A grantor retained income trust (GRIT) is an irrevocable trust to which a grantor transfers property and retains an income interest for a term of years. The retained income interest is generally valued using the Sec. 7520 rate and is subtracted from the value of the transferred property to determine the remainder interest and the value of the gift. While GRITs can be highly effective, especially as interest rates tick up, the popularity of the strategy waned after the 1990 enactment of the Internal Revenue Code Chapter 14 special valuation rules, including Sec. 2702. In general, Sec. 2702 specifically assigns zero value to retained interests in trusts created for family members and, thus, significantly restricts the application of the GRIT strategy. To achieve the desired transfer tax benefits, the GRIT beneficiaries cannot include the grantor’s spouse, ancestors (or spouse’s ancestors), lineal descendants (or spouse’s lineal descendants), siblings, or a spouse of the aforementioned individuals. The extensiveness of this list, from Sec. 2704© (2), reveals why the GRIT strategy is less common today. However, clients seeking to make transfers to friends, certain extended family members (such as a nephew or niece), or an unmarried partner may find a GRIT to be the right tool.
From a broader perspective, higher interest rates serve as a drag on the economy, increasing costs and potentially causing businesses to pull back on capital investments and hiring and prompting consumers to reevaluate budgets and reduce spending. A consequence may be a decline in the value of certain public equities, real estate, and private businesses. Such declines provide opportunities to implement gifting strategies that use less of a client’s BEA, and lower asset values require less generation-skipping transfer (GST) exemption to achieve a zero inclusion ratio.
Planning in lower-interest-rate environments
Several strategies are most effective in a lower-rate environment. Perhaps the simplest is a private or intrafamily loan. In practice, a loan is made between a family member (or a trust) and another family member, trust, or closely held entity. Traditionally, the loan is made by a grandparent or parent to a younger-generation individual. The borrower may use the funds for a variety of purposes, including to purchase assets, make investments, or provide capital to a business. To the extent the borrower’s rate of return exceeds the interest rate on the promissory note, there is a clear financial benefit.
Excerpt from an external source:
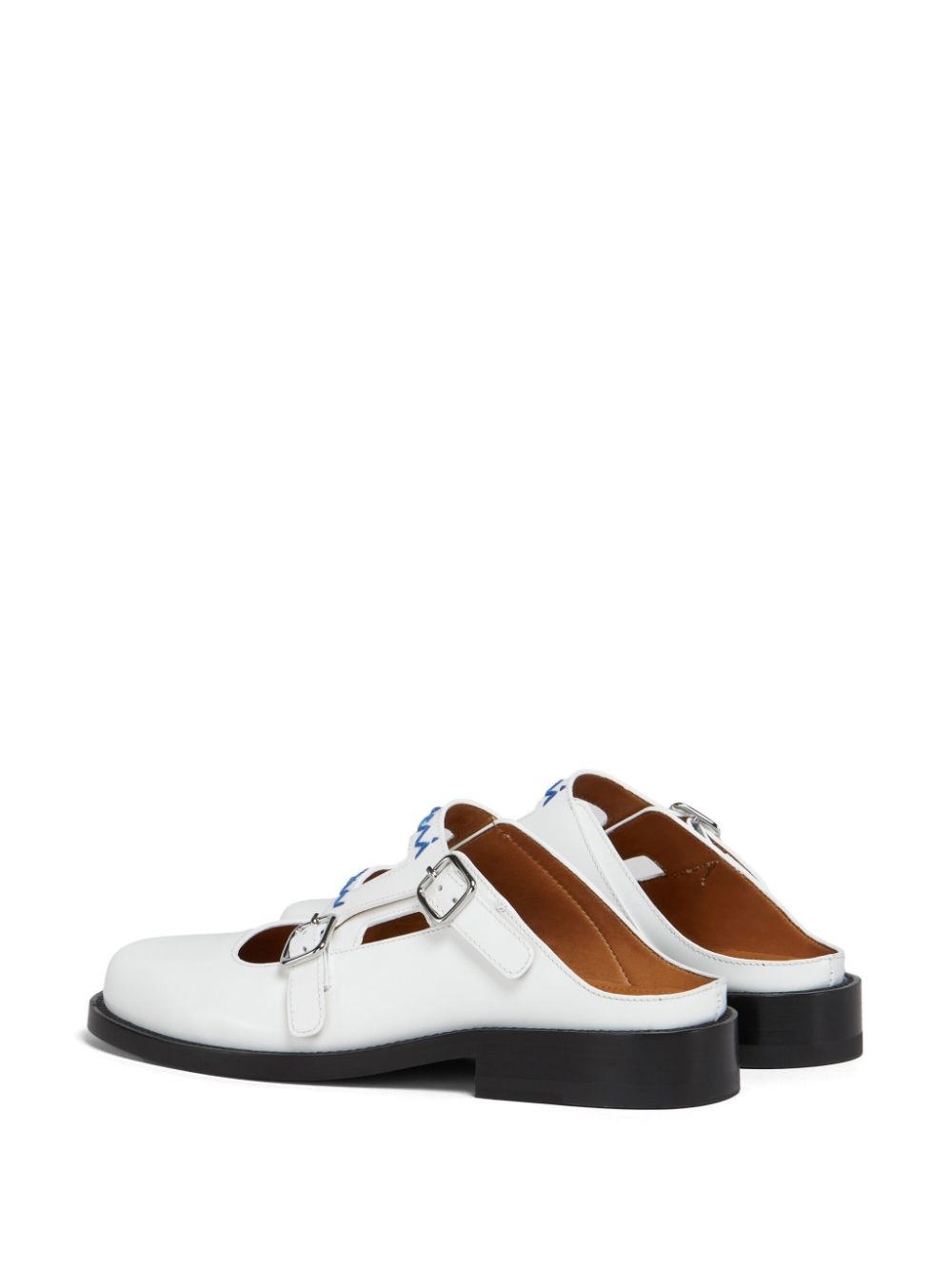 buckled mules - 3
Unless a loan is between a grantor and their grantor trust (or between two grantor trusts with the same grantor individual), the interest will be taxable income to the lender and, depending on the use of the loan and the Sec. 163(h) tracing rules, the borrower may or may not be able to deduct its interest expense.
When interest rates decline, an opportunity arises to refinance existing intrafamily notes using a lower AFR. Before acting, practitioners should consider whether the promissory note can be prepaid without penalty and whether the note was previously modified or replaced, as a history of refinancing the same note may give rise to gift tax consequences. To provide additional comfort and avoid an adverse gift tax result, some advisers suggest repaying the loan and making a new loan, if possible, or providing compensation to the lender in exchange for the lower rate, which may mean repaying some portion of the note’s principal or adjusting the note’s maturity or other terms.
Perhaps the most popular (and effective) strategy employed over the last 15 years is a grantor’s sale of property to a grantor trust. Traditionally, an individual will sell a valuable asset, such as an interest in a closely held business, to a trust treated as a grantor trust under Secs. 671–678. The grantor often makes a relatively small gift of cash or liquid assets to the trust and, after a period, will then sell a business interest (or other asset) to the trust in exchange for a promissory note. The technique provides many financial and tax benefits, including the transfer of an appreciating asset outside the grantor’s estate with great income, gift, and GST tax efficiency. If the asset value appreciates at a rate greater than the note’s AFR, this strategy produces powerful results for the family.
For some clients, a self-canceling installment note (SCIN) may be used to enhance the above strategy. A SCIN is a promissory note with special features, including a principal-cancellation feature generally triggered upon the death of the holder. SCINs offer advantages but introduce additional costs, considerations, and potential risk.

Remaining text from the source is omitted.